Friday, 5 October 2018 09:18 AM | Personal development

Image of The power of peer learning and why founders need critical friends

Some are born great, some achieve greatness, and some have greatness thrust upon them. The same applies to leadership. Entrepreneurs become leaders when they create a business - whether they like or not. Some are natural leaders, but most have to work at it.

Every day at The Supper Club we see how founders use their personal networks and peer learning to understand the problems they need to solve and then how to solve them to become better leaders.

According to The Scale Up Institute’s 2017 Review, seven out of ten scaleups cite the ability to better access peer networks, effective leadership development programmes and mentorship schemes as essential. It helps them to lead growth and grow leaders within their businesses (once again, The Supper Club has been endorsed by The Scale Up Institute in it's latest review of top leadership programmes and peer networks).
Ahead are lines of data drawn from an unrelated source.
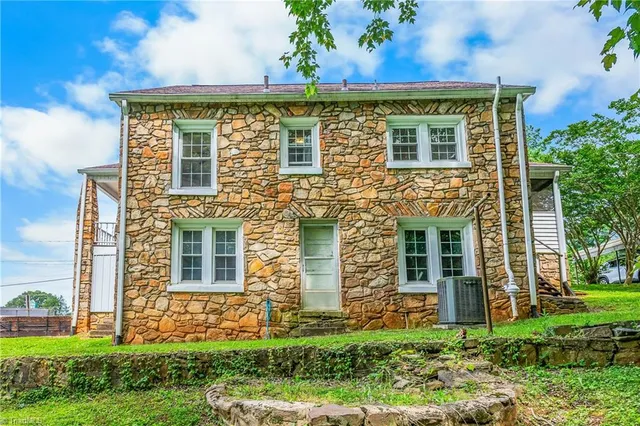 $224,900 | 335 North Bridge Street, Jonesville, NC 28642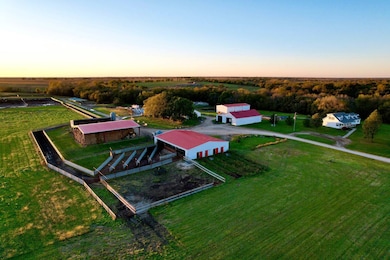 2571 Rd M unit 3, Emporia, KS 66801 - photo 3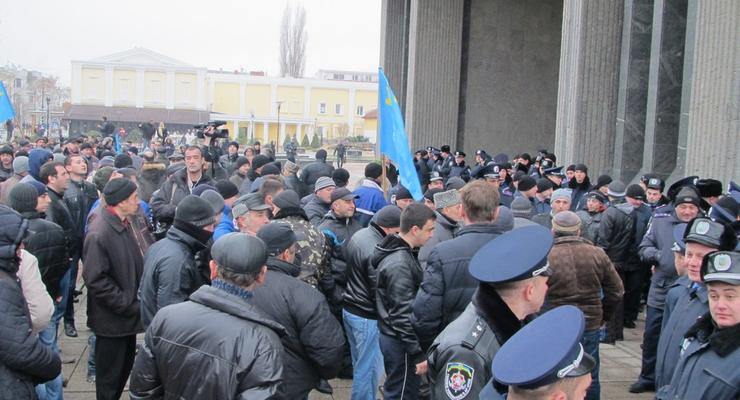 Под парламентом Крыма митингуют противники и сторонники отделения Крыма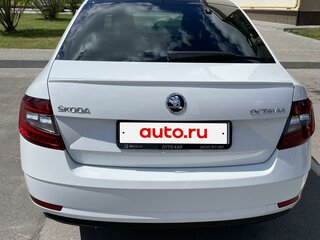 2017 Skoda Octavia III (A7) Рестайлинг, белый, 1850000 рублей, вид 2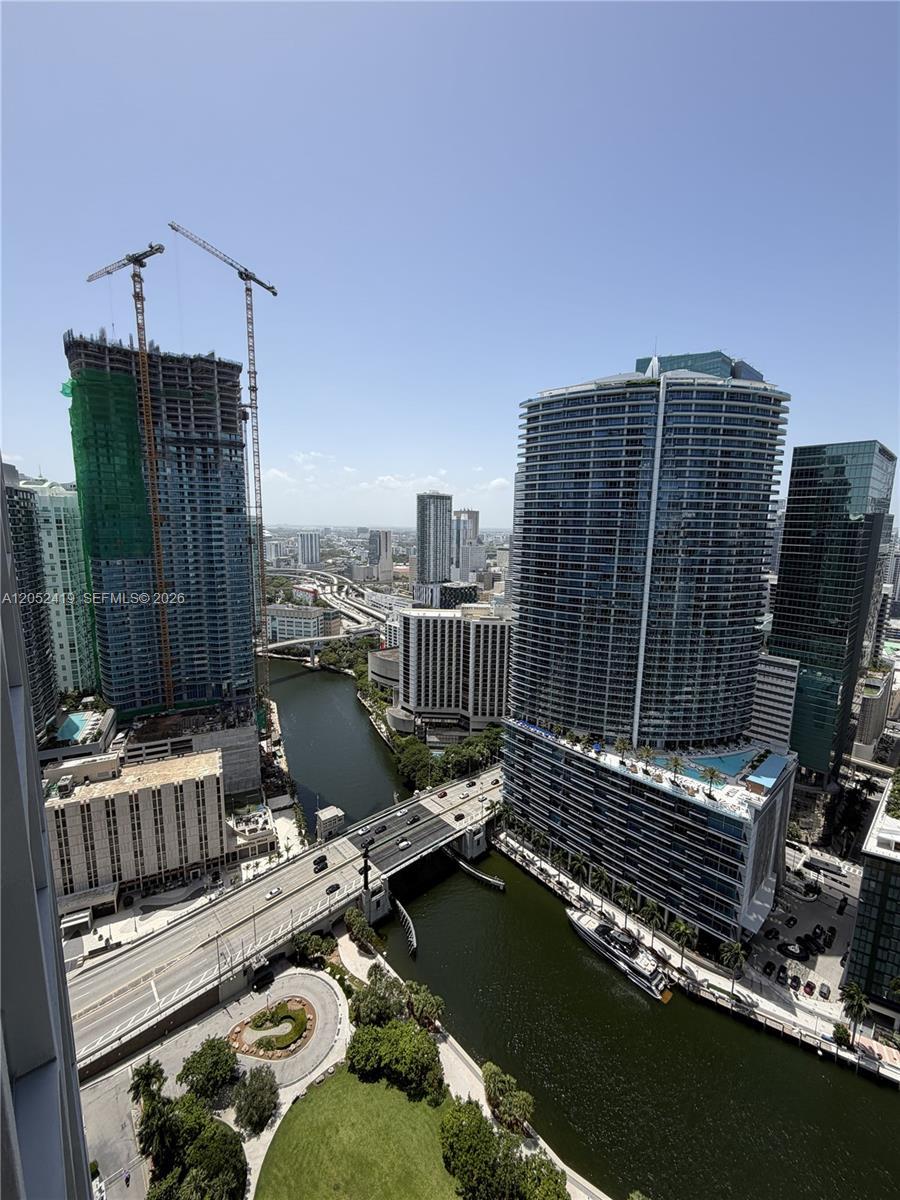 475 Brickell Ave # 4008, Miami FL 33131
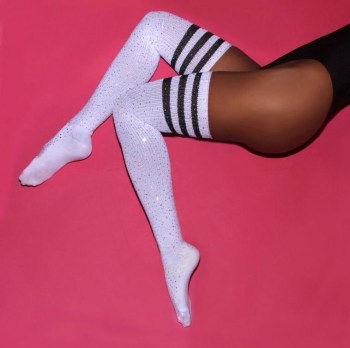 Chaussettes montantes blanches à strass brillants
By adopting a growth mindset with their networks, founders can find a range of mentors for everyday challenges and every aspect of their lives – whether it’s fellow founders, NEDs, investors, advisers, or coaches. Being more open to different peer perspectives helps leaders make quicker decisions that lead to breakthroughs - for themselves and their businesses.

Members of The Supper Club are great at using networks to become better leaders. Charlie Mowat, founder of The Clean Space, saw the benefits of advice and peer learning early in his scaleup journey to over £7.5 million in sales and ten acquisitions.
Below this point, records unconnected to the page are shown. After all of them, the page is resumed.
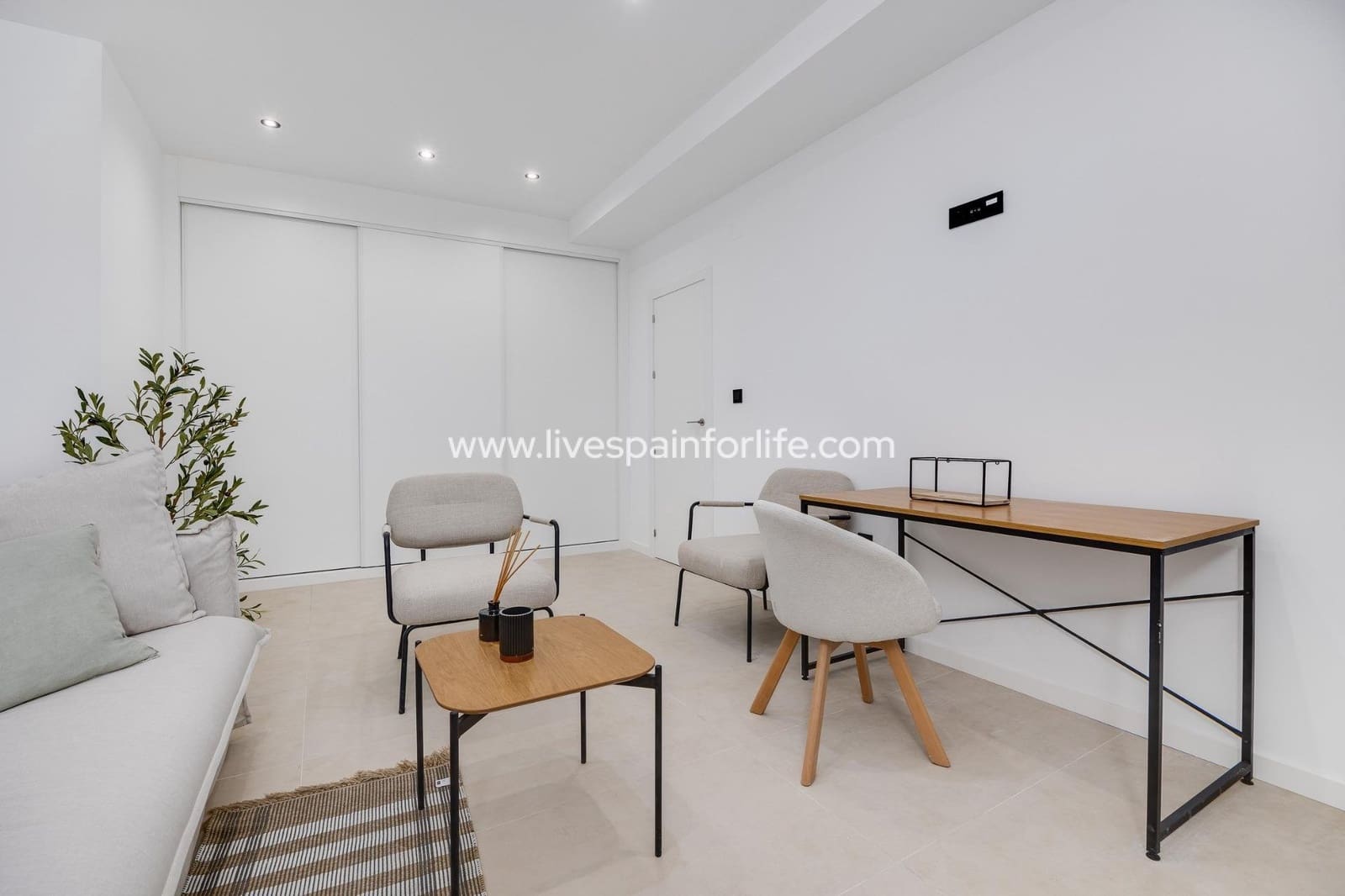 3 bedroom Villa for sale in Los Alcazares with pool garage - € 695,000 (Ref: 9664212)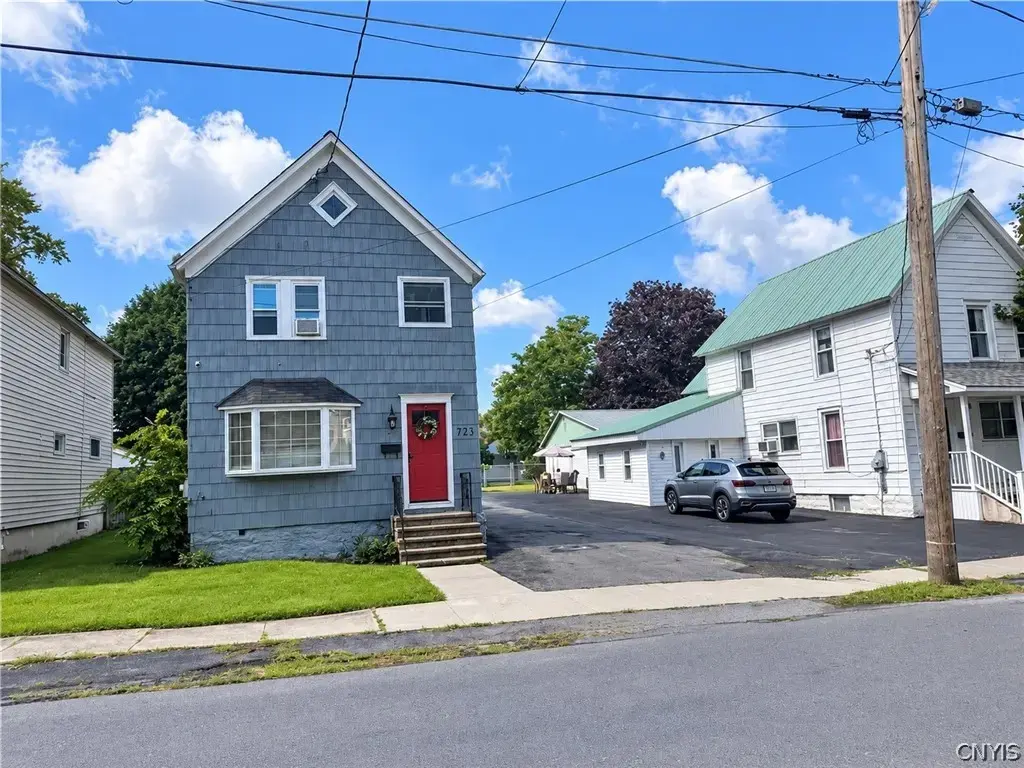 723 Lawrence Street, Watertown City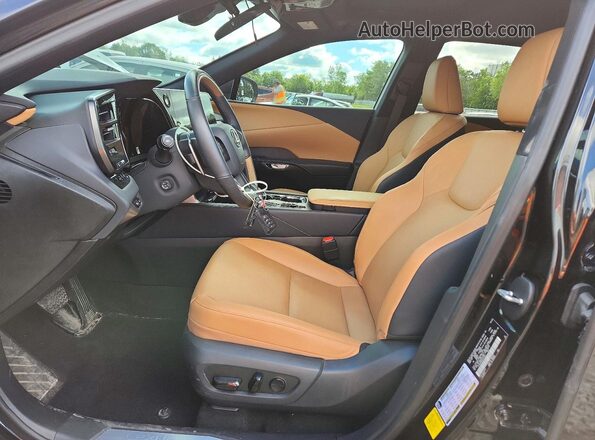 2T2BAMCA6RC043841 2024 LEXUS RX Black Front interior view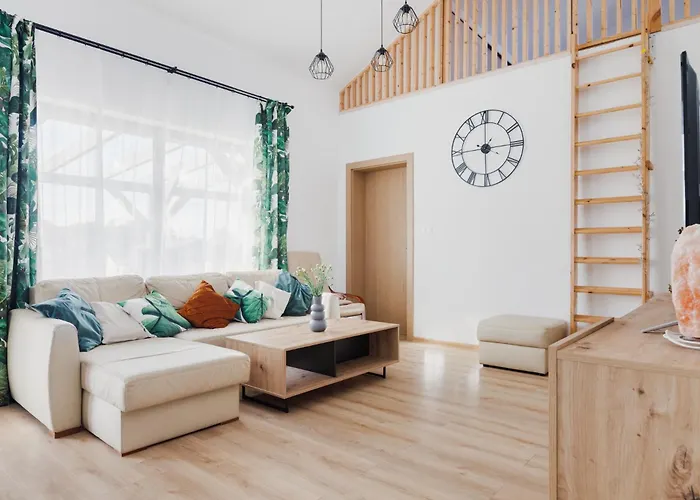 Semesterbostad Jagodowa Przystan - Dom Caloroczny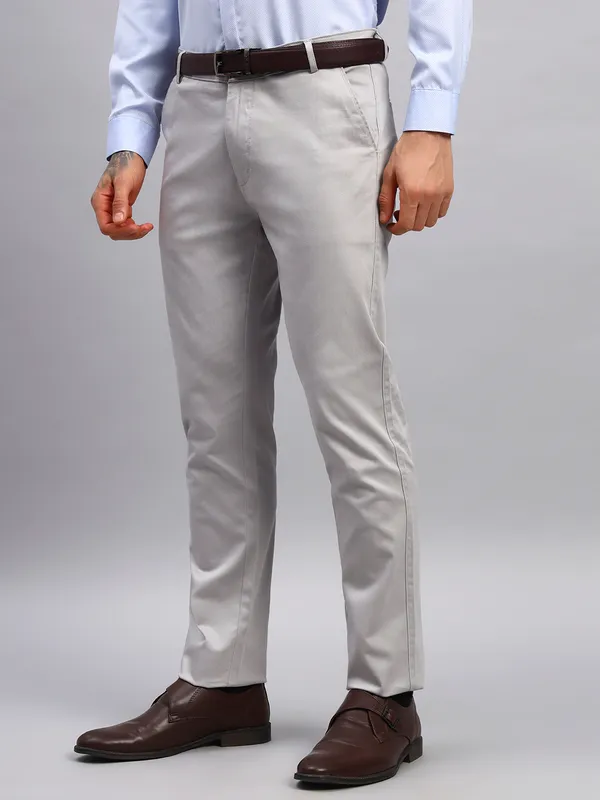 Light_Grey_Relaxed_Straight_Leg_Slim_Fit_High_Rise_Chinos_Trousers_For_Men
“I set up an Advisory Board when I was in my first year and sub-£1 million turnover,” he explains. “They were more like advisors than a proper Board, but it forced me to get out of the weeds and into strategy at least once a quarter. It gave me a mechanism for identifying weaknesses and learning to improve.”
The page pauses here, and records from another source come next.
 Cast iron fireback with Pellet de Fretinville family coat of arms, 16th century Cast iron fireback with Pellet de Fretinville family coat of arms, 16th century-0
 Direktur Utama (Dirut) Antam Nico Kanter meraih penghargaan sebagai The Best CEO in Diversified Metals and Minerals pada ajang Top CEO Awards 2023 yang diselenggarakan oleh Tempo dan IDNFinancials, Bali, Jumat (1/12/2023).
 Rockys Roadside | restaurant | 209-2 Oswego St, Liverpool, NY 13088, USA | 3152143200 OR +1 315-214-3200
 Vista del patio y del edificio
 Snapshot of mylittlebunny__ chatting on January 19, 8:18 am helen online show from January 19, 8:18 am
At £3 million turnover I joined The Supper Club, for which I attribute a large part of our subsequent success because I learned from events and peers on a wide range of topics. Just after that I set up a proper management team and a Board, including a non-exec chairman. Along the way I’ve used a mentor (who eventually became our NED) and a coach.

Lifelong learning

Fellow member Michael Nabarro, co-founder and CEO of Spektrix, believes developing as a leader is a life-long journey of self-reflection and experimentation - with inspiration for new experiments coming from a range of sources like books, courses, coaching, and sharing experiences with fellow entrepreneurs.

“Five years ago, I went on the week-long Leadership Trust course that my father had been on 30 years previously, and it was a gamechanger for me,” he explains.

“I discovered that leadership fundamentally starts with self-awareness and being able to control yourself in situations and adjust your style to work for the different people you work with - which is much easier said than done. It also taught me about the importance of open and honest feedback as key to developing high performance teams - a great framework for this is given in one of my favourite reads - Radical Candour."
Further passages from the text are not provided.